Er sagte:»Eines ist sicher: Hier sind wir zu nichts nütze.»
Farr fragte:»Meinen Sie, daß auch wir zur Flotte stoßen sollten?»
«So ähnlich.»
Er versuchte, seine Gedanken zu ordnen, Odells knappe Fakten in Relation zu bringen. De Grasse konnte überall sein, aber es war lächerlich anzunehmen, daß er nach Frankreich zurückgesegelt sei, ohne seinen Auftrag zu erfüllen. Ohne ihn konnten die Briten jedes Schiff und jeden Mann in den Kampf um Amerika werfen, und de Grasse war schlau genug, seinen eigenen Wert zu kennen.
Bolitho ging zum Tisch hinüber und nahm eine Seekarte aus dem Fach. Es waren fast siebenhundert Meilen bis nach Cape Henry am Eingang zur Chesapeake Bay. Wenn der Wind günstig blieb, konnten sie in fünf Tagen Land sichten. Falls die Schiffe Admiral Hoods dort lagen, konnte er weitere Befehle anfordern. Korvetten würden ihm äußerst nützlich sein, um näher an Land zu suchen oder in der Schlacht Signale zu übermitteln.
Deshalb sagte er langsam.»Ich habe vor, nach Norden zu fahren, zum Chesapeake.»
Farr rief aufspringend:»Gut! Ich komme mit.»
Odell fragte:»Nehmen Sie die volle Verantwortung auf sich. Sir?«Seine Augen waren undurchsichtig.

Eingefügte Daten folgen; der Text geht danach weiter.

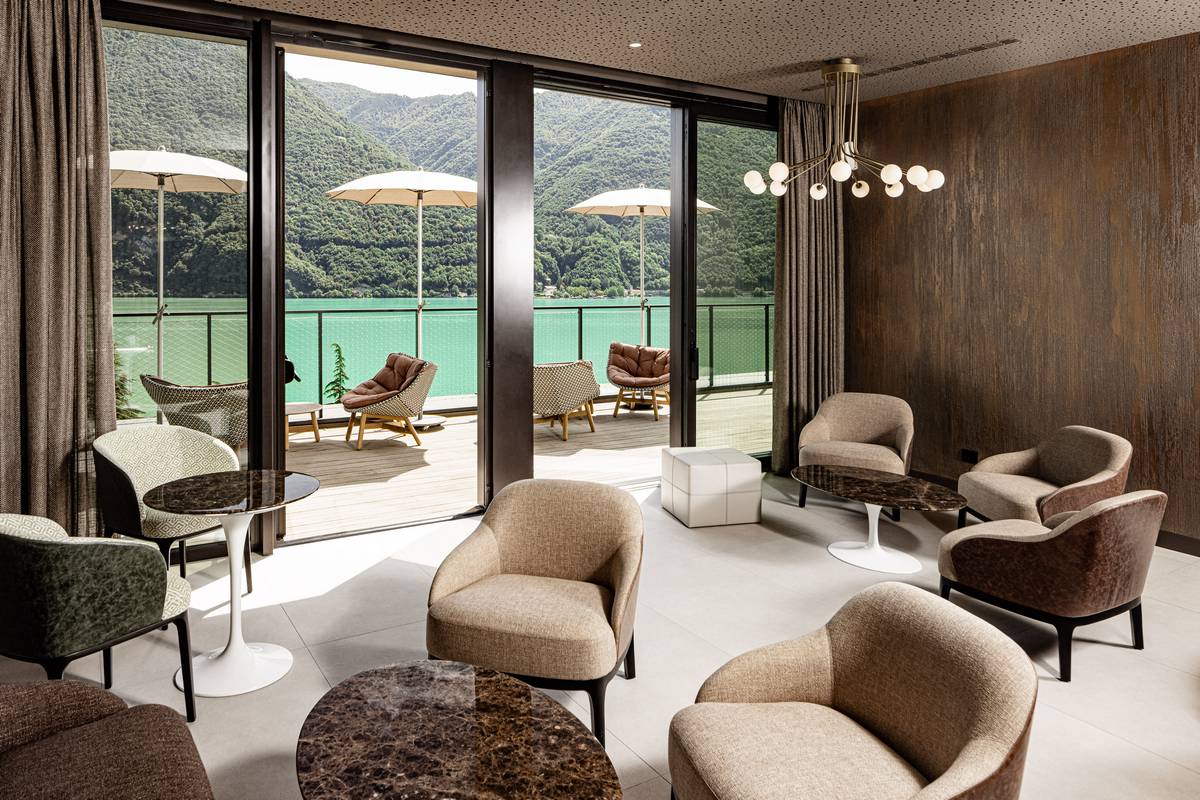 hotel-aria-5-sterne-luxus-comersee-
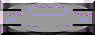 BTN03372.GIF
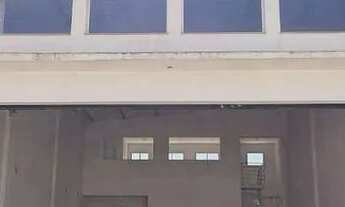 Imagem: Salão para alugar, 274 m² por R$ 4.950,00/mês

«Ja. Ich würde es begrüßen, wenn Sie hierbleiben, für den Fall, daß andere Schiffe vorbeikommen. Wenn ja, können Sie uns in aller Eile folgen.»
«Sehr wohl, Sir. «Odell fügte ruhig hinzu:»Das hätte ich aber gerne schriftlich.»

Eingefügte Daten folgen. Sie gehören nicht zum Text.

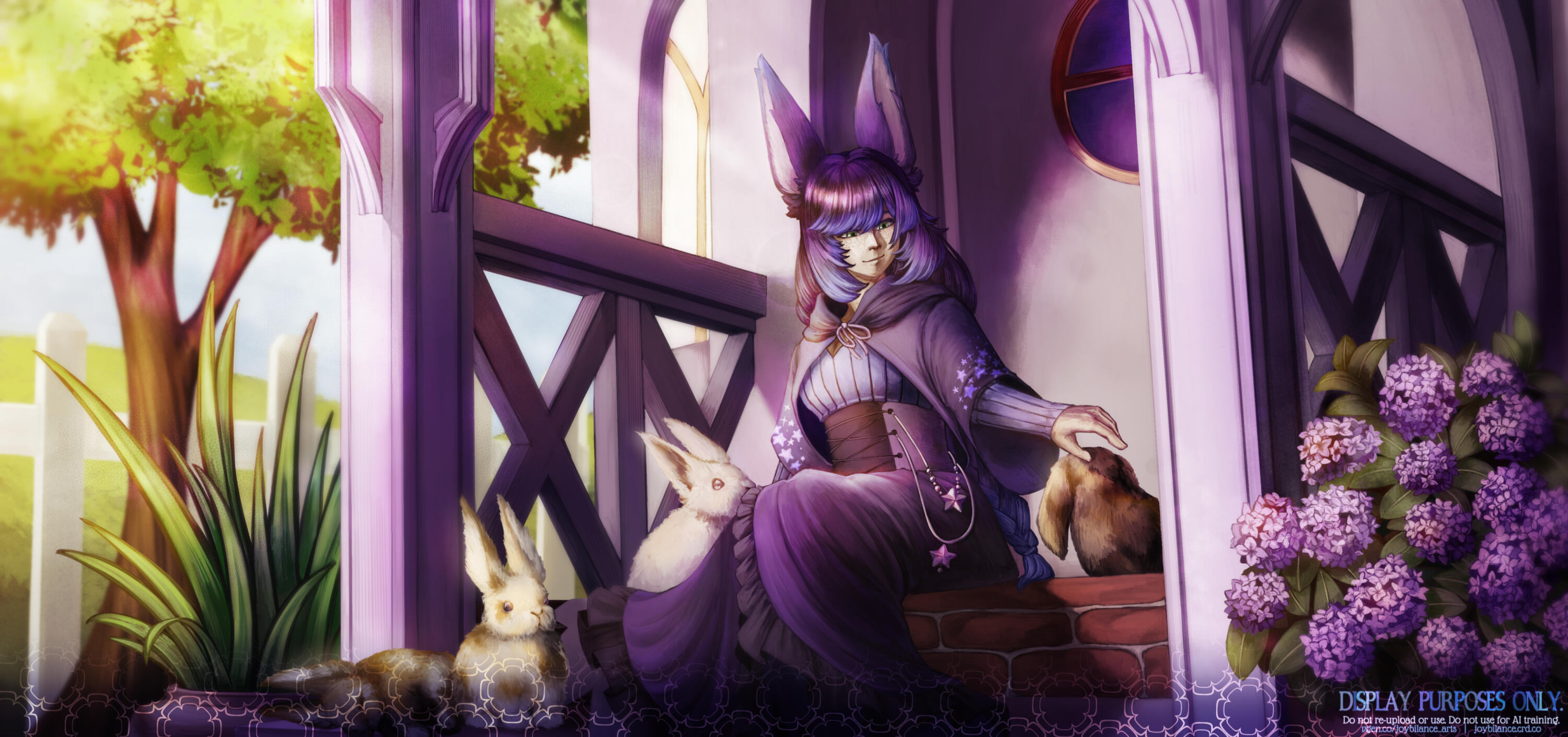 GoldenHonor | Golden Moments in Life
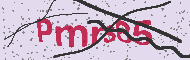 Kód CAPTCHA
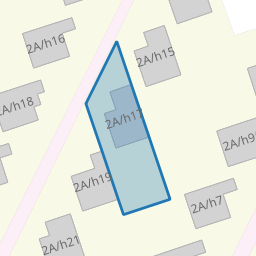 Perceel ZPE00-D-3297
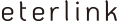 eterlink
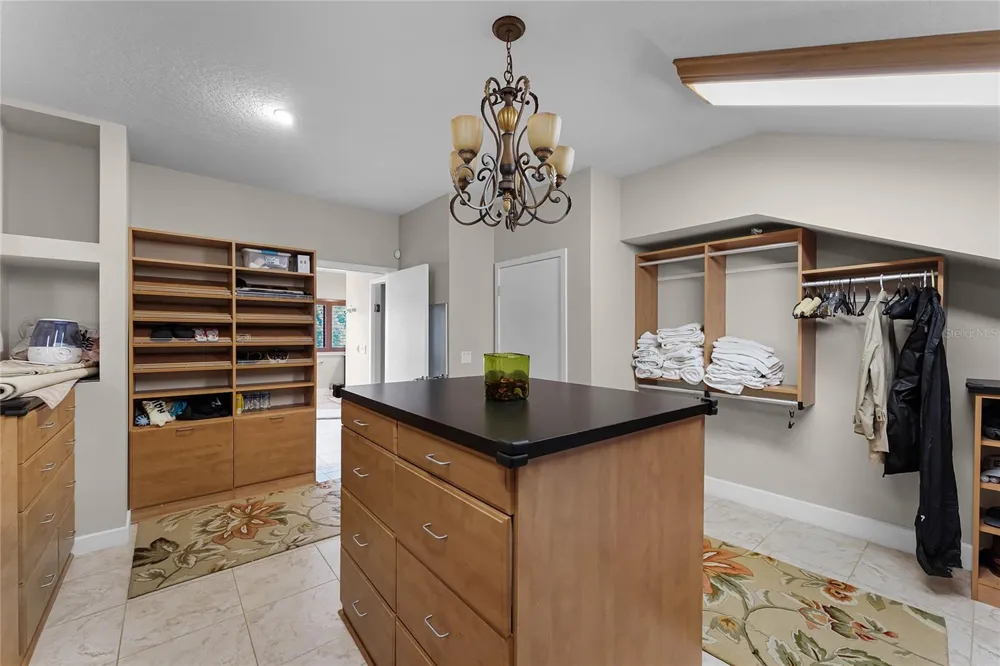 8605 BAY SHORE COVE Orlando, FL 32836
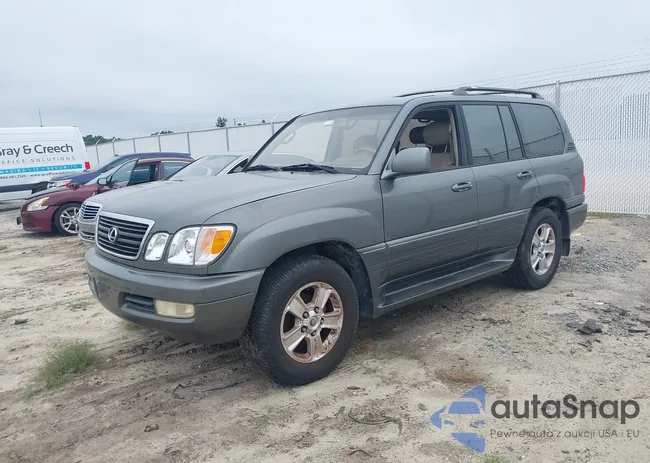 JT6HT00W1Y0099431: 43038783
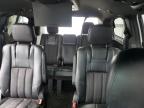 2015 Chrysler Town & Country S for Sale in Savannah, GA - Rear End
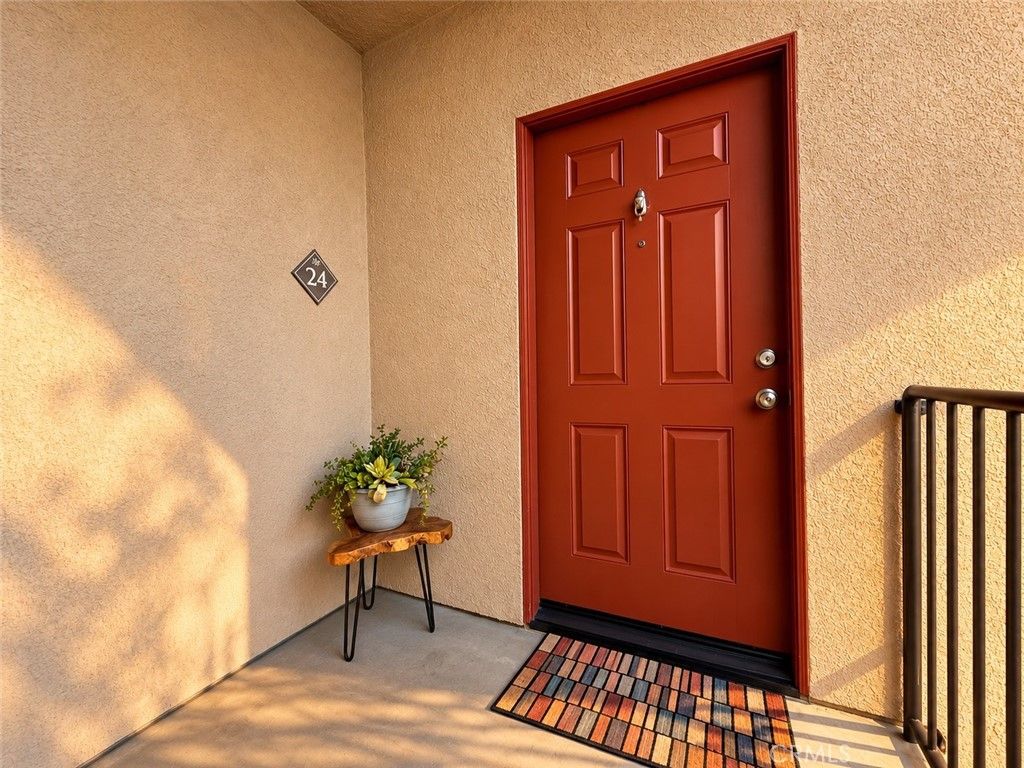 41410 Juniper Street 2624, Murrieta, CA 92562 — photo 5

«Sie unverschämter Schweinehund!«Farr schlug mit der Faust auf den Tisch.»Nennt man das Vertrauen?»
Odell zuckte die Schultern.»Ich vertraue Kapitän Bolitho, ganz ohne Zweifel, Sir. «Er lächelte kurz.»Wenn aber Sie beide getötet werden, wer soll dann aussagen, daß ich nur meinen Befehlen gehorcht habe?»
Bolitho nickte.»Das ist richtig, Ich werde es sofort erledigen. «Er sah, wie sich die beiden Männer mit offener Feindseligkeit musterten.»Ruhig Blut. Recht oder unrecht, es wird uns guttun, wieder in Bewegung zu kommen. Wir wollen nicht mit Unfrieden beginnen, eh?»
Odell zeigte grinsend die Zähne.»Ich wollte nicht beleidigend sein, Sir.»
Farr schluckte hart.»In diesem Fall.»
Auch er grinste über beide Ohren.»Aber bei Gott, Odell, Sie haben mich bis aufs Blut gereizt!»
«Trinken wir ein Glas zusammen.»
Bolitho wäre gern an Deck gegangen, um die Neuigkeiten mit Tyrell und den anderen zu besprechen. Aber er wußte, daß dieser Augenblick ebenfalls äußerst wichtig war: Ein paar Sekunden, an die jeder sich erinnern konnte, wenn das Schiff des anderen nur noch eine Silhouette war.
Er erhob sein Glas.»Worauf wollen wir trinken, Freunde?»
Farr begegnete seinem Blick und lächelte. Er wenigstens verstand ihn.»Auf uns, Dick. Mir wäre das am liebsten.»
Bolitho stellte sein leeres Glas auf den Tisch. Ein einfacher Toast. Aber König, Sache, sogar Vaterland waren zu entfernt, die Zukunft zu unsicher. Sie hatten nur einander und ihre drei kleinen Schiffe zum Überleben.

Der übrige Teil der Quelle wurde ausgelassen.